How the Tech Industry is Tackling Energy Consumption in Data Centers
Key takeaways
- Tech companies are adopting advanced cooling systems and renewable energy sources
- Some large companies are almost fully electrified
- Big Tech’s Scope 1 and 2 emissions make up 0.04% of energy-related CO2 emissions
On January 21, 2025, the top executives of OpenAI, SoftBank, and Oracle announced plans to create a new company called Stargate to develop AI infrastructure in the US. Oracle Chairman Larry Ellison, CEO of SoftBank Masayoshi Son, and OpenAI CEO Sam Altman announced the company at the White House in the company of Donald Trump, who heralded it as the “largest AI infrastructure project in history.”
The companies will make an initial project investment of $100 billion, with plans to allocate up to $500 billion in the years to come. According to Trump, the project will create 100,000 US jobs. He added that Stargate would build the virtual and physical infrastructure to “power the next generation of AI,” which will include data centers nationwide. Stargate’s first data project, sprawling over a million square feet, is being built in Texas.
More data centers, more resources – and more environmental concerns
For months, AI leaders have been pounding the alarm that more data centers, as well as more water, chips, and electric power, are needed to power AI ambitions. While leading tech firms’ energy use is relatively minor compared with their financial, economic, and social footprint, that massive footprint augments these firms’ role in tackling the associated environmental concerns.

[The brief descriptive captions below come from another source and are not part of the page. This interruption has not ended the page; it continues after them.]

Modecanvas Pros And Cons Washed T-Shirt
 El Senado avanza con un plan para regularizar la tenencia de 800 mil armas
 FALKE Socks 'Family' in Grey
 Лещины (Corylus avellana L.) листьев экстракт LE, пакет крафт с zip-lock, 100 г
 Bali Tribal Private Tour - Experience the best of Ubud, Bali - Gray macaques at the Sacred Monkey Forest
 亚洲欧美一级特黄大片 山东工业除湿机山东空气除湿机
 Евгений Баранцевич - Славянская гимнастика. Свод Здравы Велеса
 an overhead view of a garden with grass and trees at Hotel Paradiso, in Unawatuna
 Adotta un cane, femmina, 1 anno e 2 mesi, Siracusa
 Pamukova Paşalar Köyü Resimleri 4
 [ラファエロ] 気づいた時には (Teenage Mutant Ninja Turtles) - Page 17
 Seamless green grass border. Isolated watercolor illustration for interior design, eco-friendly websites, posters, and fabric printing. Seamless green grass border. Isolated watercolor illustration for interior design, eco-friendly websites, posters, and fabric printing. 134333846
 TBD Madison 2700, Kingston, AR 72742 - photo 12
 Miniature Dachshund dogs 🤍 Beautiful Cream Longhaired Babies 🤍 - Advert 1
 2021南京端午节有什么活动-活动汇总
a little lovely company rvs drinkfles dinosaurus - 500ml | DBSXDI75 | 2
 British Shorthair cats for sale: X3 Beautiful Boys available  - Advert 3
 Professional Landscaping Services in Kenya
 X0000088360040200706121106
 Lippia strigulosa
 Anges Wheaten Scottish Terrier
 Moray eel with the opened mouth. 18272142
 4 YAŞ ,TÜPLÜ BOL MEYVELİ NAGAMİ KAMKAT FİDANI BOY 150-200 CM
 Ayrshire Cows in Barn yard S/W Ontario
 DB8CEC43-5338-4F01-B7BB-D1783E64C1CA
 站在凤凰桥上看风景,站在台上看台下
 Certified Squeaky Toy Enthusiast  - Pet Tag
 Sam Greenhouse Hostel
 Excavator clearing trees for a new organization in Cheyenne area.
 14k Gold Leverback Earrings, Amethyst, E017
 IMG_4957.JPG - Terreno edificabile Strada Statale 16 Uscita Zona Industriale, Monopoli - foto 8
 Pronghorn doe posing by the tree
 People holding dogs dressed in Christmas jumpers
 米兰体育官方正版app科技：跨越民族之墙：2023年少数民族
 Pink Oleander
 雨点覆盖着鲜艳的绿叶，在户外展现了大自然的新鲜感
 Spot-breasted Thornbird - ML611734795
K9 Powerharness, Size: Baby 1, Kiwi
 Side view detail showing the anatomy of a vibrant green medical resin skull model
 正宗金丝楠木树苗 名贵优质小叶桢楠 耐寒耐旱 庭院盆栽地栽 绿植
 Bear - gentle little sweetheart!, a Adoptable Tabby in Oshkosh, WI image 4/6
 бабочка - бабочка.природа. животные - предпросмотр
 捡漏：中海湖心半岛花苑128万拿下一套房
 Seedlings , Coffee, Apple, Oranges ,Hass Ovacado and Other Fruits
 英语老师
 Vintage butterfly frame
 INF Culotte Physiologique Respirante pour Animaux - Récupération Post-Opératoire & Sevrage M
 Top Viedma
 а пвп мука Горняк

For the most part, big tech companies have already committed to realizing zero emissions from their own activities. These targets set a crucial example for enterprises in other industries, considering tech companies’ role as often-imitated “trendsetters.”
The tech industry’s energy use and emissions may be substantial in absolute terms but not in relation to their operational scale. Data centers trail air conditioning and industrial motors as a driver of global electric power demand, accounting for just 1% of the total consumption. The tech industry and green web hosting providers like GreenGeeks share the goal of reducing the environmental impact of digital infrastructure. Tech companies are adopting energy-efficient technologies such as advanced cooling systems, renewable energy sources, and AI optimization for power usage. For example, hyperscale data centers use liquid cooling and advanced airflow management to minimize energy waste. Green hosts align with this trend by using energy-efficient hardware and adopting similar technologies within their hosting infrastructure to reduce overall energy demand.
Variations depending on the business model
The emissions and energy profiles of tech companies vary greatly according to their business models. Some large companies are almost fully electrified, while others have massive, high-emission manufacturing supply chains or delivery and logistics systems worldwide. Many of these logistics and manufacturing operations are outsourced and reported as Scope 3 emissions.
In 2019, Scope 1 and 2 emissions (resp. direct and electricity-based) from the big five tech companies made up the CO2 equivalent of 13 million tons, or just 0.04% of energy-related emissions worldwide. The total reaches 0.3% if you include Scope 3 emissions, which include employee commuting, business travel, construction, and manufacturing. The decarbonization of these companies’ activities and supply chains will have a relatively small direct impact on greenhouse gas emissions worldwide. What’s more, digital solutions hold significant promise for energy systems, which will probably outweigh this direct impact by far.
Final thoughts
Tech companies have adopted increasingly ambitious and strict policies to address CO2 emissions. Employee-related considerations partly drive these. Many talented young professionals expect their employers to be responsible about climate change and other important social and environmental issues. 75% of Gen Z and millennials would agree to a pay cut just to work for an environmentally responsible company.
Certain tech applications can challenge clean energy transitions if they allow more carbon-intensive energy use or production, notwithstanding technologies’ potential applications to reduce emissions.